Closed dhayanesh closed 1 year ago
Hi, I'm training the DLRM model in two different settings,
I'm seeing a difference in the embedding values after certain epoch in both settings. Can you provide some insights into this?

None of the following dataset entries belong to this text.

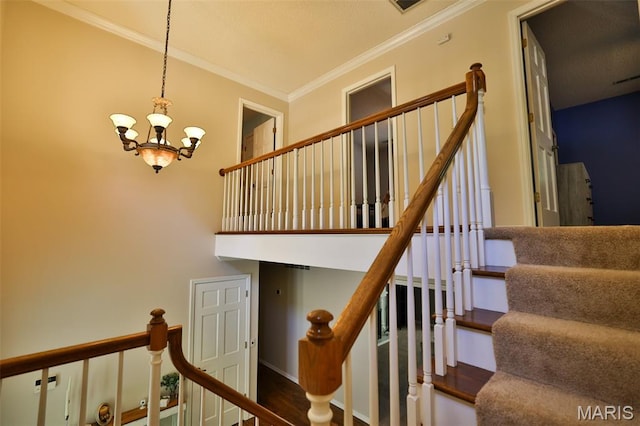 1989 Dogwood Trl, Collinsville, IL 62234 - staircase with crown molding, a chandelier, and wood finished floors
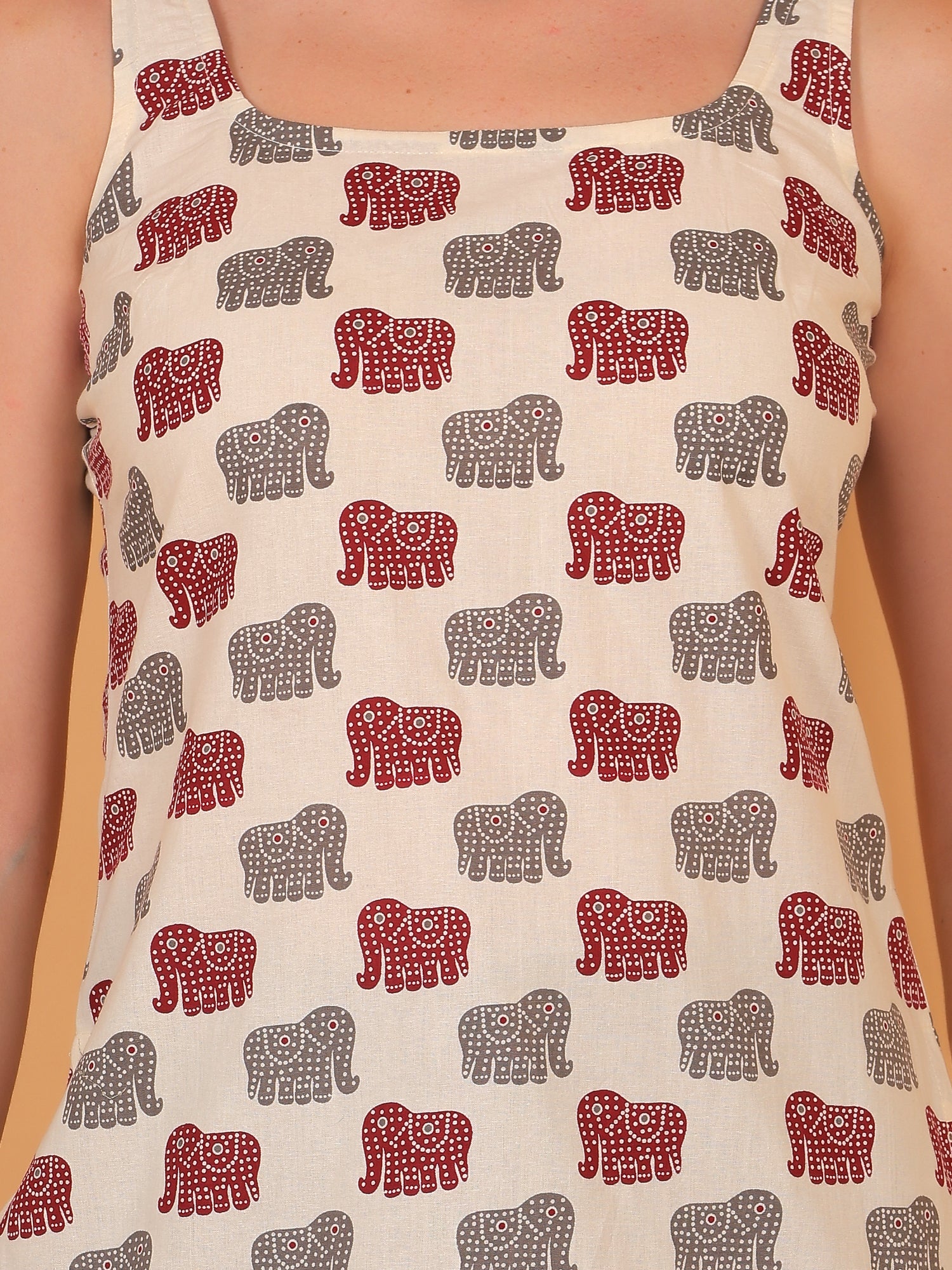 Breathable cream cotton kurti with playful animal motif design.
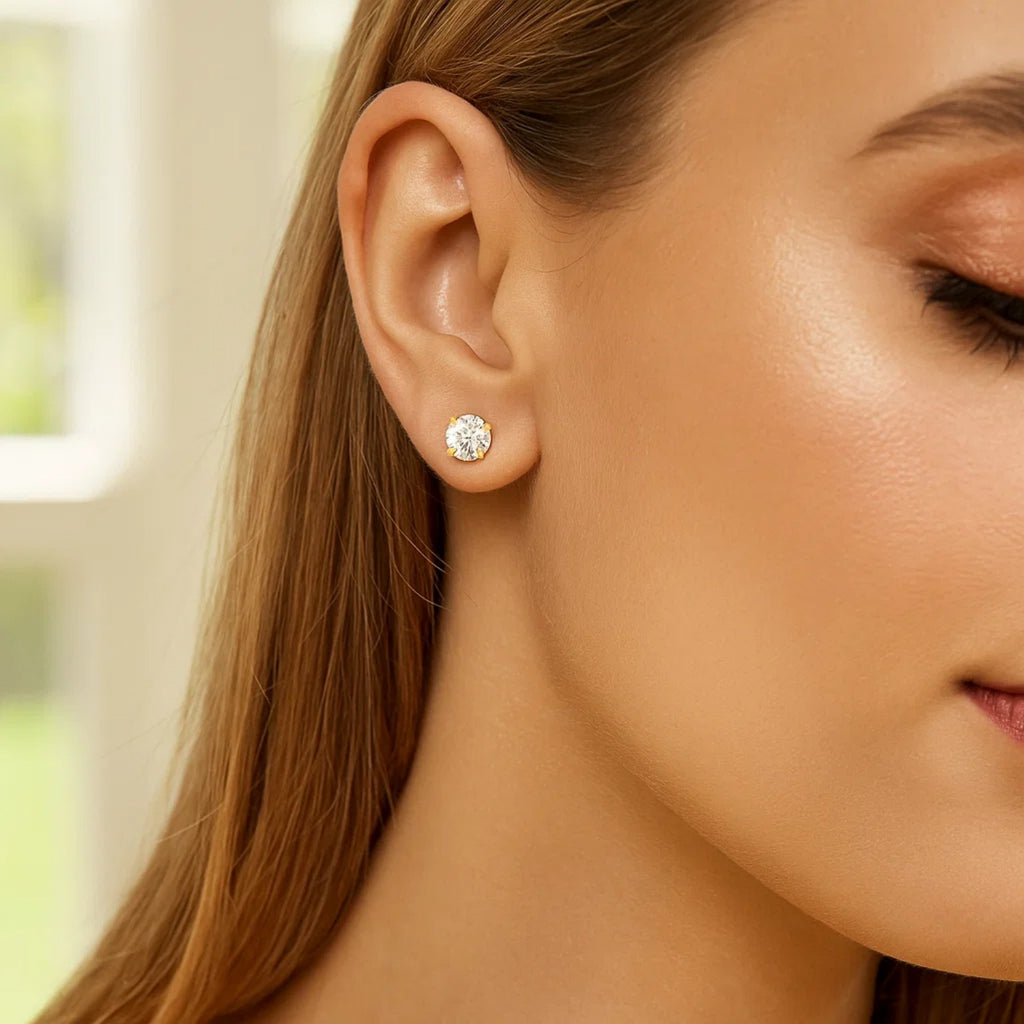 14k yellow gold polished faceted stud earrings featuring round white hue cubic zirconia in elegant prong setting.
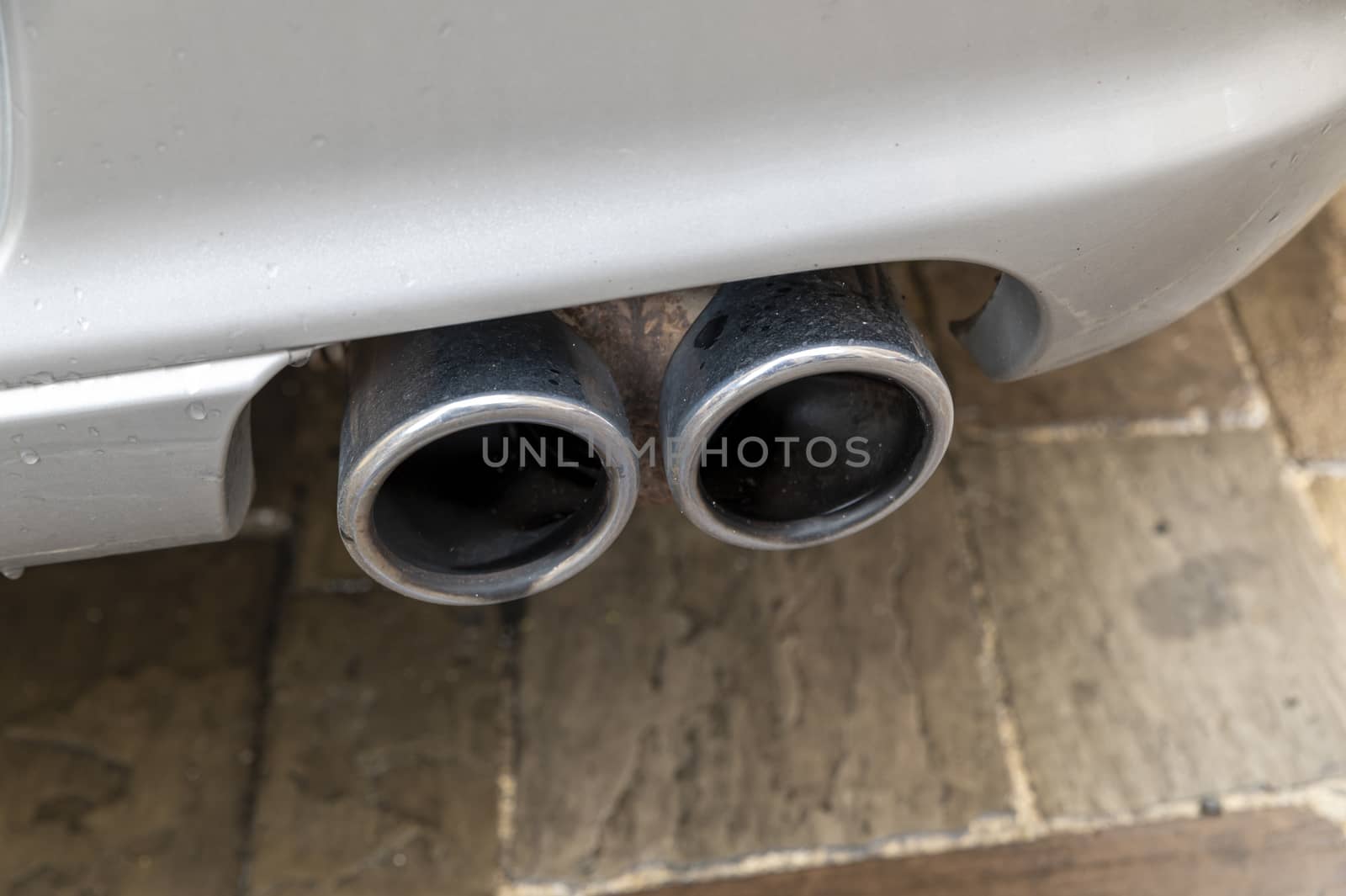 detail of a chrome exhaust of a parked sports car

Sample embeddings: In Single Node with Multi GPU, I got the dlrm.emb_l.state_dict() like: OrderedDict([('0.weight', tensor([[ 0.19507, -0.21561], [-0.27545, 0.04792], [ 0.21673, -0.08091], [ 0.47925, 0.18253]])), ('1.weight', tensor([[-0.02116, -0.12329], [-0.17937, 0.26646], [-0.06997, -0.50720]])), ('2.weight', tensor([[-0.14307, 0.33310], [-0.44806, -0.46139]]))])
In 2-cpu mode: OrderedDict([('0.weight', tensor([[ 0.19971, -0.21732], [-0.26437, 0.04637], [ 0.22765, -0.08109], [ 0.48709, 0.18019]])), ('1.weight', tensor([[-0.03650, -0.12445], [-0.20467, 0.26369], [-0.08280, -0.50890]]))]
I would start by checking whether the randomly initialized embeddings are the same across these two settings.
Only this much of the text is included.